Do środy sąd powinien zdecydować, czy zatrzymani zostaną formalnie oskarżeni lub zwolnieni z aresztu; policja może też poprosić sąd o więcej czasu na dochodzenie.
Ośmiu osobom zarzuca się współudział w przygotowaniu morderstwa i przygotowanie akcji terrorystycznych. 17-letniemu chłopcu - posiadanie przedmiotów, które można wykorzystać do akcji terrorystycznych, a dwóm innym osobom - niepowiadomienie o spisku.
Dziewięciu z 11 podejrzanych pochodzi z Londynu, a dwóch z miejscowości High Wycombe, 50 kilometrów na północny zachód od brytyjskiej stolicy.
Śledczy podkreślają, że dowody są wciąż badane: "Odciski palców, testy DNA, dane elektroniczne, analiza porównawcza pisma, analizy chemiczne, drobiazgowe badanie wszystkich tych materiałów zajmie miesiące. Wszystkie te dane zostaną przeanalizowane. Skala jest olbrzymia, dochodzenie obejmie swoim zasięgiem cały świat" - powiedział szef wydziału antyterrorystycznego Scotland Yardu Peter Clarke.
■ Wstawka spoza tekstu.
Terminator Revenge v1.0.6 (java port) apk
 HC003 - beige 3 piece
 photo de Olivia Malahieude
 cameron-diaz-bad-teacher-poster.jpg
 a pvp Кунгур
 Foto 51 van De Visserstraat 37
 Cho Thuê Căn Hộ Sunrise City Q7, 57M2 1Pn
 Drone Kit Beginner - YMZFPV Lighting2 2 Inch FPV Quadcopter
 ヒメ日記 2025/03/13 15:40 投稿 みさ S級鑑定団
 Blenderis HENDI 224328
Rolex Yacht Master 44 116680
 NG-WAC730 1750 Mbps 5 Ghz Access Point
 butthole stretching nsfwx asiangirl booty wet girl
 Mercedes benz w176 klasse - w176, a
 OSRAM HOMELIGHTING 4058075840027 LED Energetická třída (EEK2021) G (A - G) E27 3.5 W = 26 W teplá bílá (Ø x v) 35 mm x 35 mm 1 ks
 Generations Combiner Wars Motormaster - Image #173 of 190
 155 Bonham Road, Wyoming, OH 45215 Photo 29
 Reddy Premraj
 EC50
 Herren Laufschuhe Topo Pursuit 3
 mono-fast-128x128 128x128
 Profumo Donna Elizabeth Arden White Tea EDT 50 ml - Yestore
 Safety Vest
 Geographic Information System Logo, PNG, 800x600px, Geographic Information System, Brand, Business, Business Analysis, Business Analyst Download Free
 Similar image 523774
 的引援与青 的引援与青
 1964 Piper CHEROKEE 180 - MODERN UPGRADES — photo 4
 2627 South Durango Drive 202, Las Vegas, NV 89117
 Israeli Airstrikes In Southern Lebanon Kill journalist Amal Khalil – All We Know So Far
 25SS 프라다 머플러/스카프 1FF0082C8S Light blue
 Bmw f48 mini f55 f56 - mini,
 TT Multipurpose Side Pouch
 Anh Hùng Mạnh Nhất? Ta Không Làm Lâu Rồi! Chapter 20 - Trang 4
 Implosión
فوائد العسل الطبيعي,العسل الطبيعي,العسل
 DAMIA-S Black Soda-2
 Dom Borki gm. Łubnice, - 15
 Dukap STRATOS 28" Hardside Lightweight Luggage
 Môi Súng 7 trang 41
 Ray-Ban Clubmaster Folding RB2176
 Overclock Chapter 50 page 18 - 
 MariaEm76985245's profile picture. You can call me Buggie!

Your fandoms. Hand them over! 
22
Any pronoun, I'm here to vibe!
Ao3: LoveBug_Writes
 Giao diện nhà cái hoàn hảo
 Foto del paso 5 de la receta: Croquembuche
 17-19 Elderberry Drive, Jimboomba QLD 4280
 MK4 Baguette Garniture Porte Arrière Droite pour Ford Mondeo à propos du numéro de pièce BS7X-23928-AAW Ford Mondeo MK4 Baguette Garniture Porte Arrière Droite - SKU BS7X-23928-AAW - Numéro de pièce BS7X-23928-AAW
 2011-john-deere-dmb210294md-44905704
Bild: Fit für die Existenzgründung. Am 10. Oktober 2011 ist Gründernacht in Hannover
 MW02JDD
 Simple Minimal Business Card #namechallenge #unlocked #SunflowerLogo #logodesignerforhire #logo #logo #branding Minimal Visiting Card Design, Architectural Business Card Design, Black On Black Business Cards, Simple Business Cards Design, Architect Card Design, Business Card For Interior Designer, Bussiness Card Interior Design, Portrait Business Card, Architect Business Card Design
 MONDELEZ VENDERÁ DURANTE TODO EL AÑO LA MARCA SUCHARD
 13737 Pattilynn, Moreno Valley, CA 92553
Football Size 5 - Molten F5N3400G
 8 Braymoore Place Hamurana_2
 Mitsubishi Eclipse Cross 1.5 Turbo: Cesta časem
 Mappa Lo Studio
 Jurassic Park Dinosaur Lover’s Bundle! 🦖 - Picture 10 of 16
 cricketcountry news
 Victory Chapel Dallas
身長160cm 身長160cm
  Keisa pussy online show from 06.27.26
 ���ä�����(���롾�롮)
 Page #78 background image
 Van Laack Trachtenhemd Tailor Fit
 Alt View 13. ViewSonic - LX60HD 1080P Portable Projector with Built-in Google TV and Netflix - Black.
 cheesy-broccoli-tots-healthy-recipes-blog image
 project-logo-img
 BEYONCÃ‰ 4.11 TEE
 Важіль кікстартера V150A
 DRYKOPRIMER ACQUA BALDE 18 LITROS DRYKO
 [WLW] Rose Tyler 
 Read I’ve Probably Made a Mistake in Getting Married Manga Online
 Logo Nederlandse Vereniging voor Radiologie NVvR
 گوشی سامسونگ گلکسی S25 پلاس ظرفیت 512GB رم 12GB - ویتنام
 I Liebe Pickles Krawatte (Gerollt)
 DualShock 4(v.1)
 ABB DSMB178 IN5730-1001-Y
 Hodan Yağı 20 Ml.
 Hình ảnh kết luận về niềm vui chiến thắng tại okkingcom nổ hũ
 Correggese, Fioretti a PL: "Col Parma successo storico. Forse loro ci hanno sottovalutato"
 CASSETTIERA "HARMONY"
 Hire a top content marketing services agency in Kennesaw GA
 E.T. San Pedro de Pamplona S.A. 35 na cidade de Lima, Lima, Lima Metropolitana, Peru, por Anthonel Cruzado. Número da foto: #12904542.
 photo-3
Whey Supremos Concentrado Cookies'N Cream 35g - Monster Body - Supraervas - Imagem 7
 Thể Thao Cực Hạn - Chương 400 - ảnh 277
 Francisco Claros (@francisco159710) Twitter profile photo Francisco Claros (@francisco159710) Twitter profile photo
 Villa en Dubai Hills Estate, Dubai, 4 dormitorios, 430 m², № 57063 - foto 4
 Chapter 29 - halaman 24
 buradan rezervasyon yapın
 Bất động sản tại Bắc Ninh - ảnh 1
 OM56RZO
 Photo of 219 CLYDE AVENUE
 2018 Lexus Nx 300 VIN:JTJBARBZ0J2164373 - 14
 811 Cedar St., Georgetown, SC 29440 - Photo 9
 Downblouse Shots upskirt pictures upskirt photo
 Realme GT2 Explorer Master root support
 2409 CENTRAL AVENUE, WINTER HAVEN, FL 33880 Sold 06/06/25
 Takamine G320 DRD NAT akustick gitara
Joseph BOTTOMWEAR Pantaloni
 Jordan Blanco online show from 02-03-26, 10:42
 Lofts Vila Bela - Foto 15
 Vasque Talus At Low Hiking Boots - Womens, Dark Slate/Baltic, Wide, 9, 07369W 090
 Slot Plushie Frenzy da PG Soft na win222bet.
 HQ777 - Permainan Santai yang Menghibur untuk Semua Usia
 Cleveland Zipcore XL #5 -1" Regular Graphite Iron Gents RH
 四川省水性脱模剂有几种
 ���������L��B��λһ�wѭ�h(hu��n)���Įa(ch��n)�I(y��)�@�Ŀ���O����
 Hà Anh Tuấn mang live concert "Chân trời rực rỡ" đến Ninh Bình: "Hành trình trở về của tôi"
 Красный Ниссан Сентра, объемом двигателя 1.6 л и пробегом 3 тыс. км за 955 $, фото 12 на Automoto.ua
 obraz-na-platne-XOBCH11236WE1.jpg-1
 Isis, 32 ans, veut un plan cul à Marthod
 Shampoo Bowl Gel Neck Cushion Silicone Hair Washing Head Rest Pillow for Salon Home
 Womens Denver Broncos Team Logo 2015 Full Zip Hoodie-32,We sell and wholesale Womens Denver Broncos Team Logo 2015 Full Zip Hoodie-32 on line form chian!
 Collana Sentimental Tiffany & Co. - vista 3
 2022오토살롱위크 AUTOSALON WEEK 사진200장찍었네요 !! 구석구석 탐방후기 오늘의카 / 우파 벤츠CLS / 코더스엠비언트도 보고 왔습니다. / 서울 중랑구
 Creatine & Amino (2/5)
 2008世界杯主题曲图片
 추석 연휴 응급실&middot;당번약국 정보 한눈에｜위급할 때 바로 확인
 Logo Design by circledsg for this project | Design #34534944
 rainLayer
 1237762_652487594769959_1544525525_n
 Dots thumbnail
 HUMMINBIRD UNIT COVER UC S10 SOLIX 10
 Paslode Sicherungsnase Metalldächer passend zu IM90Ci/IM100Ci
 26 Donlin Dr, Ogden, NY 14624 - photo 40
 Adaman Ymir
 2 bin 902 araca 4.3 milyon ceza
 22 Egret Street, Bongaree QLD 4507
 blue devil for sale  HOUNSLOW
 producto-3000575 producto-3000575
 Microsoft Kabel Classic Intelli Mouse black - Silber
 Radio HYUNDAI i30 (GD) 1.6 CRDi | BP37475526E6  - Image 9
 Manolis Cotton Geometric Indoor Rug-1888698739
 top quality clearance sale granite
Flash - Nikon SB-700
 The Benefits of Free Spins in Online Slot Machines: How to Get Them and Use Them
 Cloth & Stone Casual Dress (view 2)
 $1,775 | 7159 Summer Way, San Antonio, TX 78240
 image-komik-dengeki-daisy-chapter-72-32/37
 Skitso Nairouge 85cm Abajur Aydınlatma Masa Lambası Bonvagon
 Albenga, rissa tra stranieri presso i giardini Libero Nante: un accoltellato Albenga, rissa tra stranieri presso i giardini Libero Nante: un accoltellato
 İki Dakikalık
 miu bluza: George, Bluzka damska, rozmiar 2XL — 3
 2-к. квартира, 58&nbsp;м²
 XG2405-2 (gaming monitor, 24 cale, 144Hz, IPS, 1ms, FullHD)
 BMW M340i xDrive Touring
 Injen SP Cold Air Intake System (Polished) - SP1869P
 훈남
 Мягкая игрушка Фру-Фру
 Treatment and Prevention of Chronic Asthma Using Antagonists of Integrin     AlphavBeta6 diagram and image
Brytyjskie władze powiadomiły, że spisek obejmował wytwarzanie ładunków wybuchowych, które następnie miały być zdetonowane na pokładach lecących z Wielkiej Brytanii do USA samolotów.
W poniedziałek Clarke powiedział, że skonfiskowano 400 komputerów i 200 telefonów komórkowych. W trakcie przeszukań znaleziono też sprzęt, m.in. elektryczny, i substancje chemiczne służące do produkcji ładunków wybuchowych. W komputerach niektórych oskarżonych były nagrania wideo, jakie pozostawiają zwykle islamscy terroryści, wyruszający na samobójcze misje.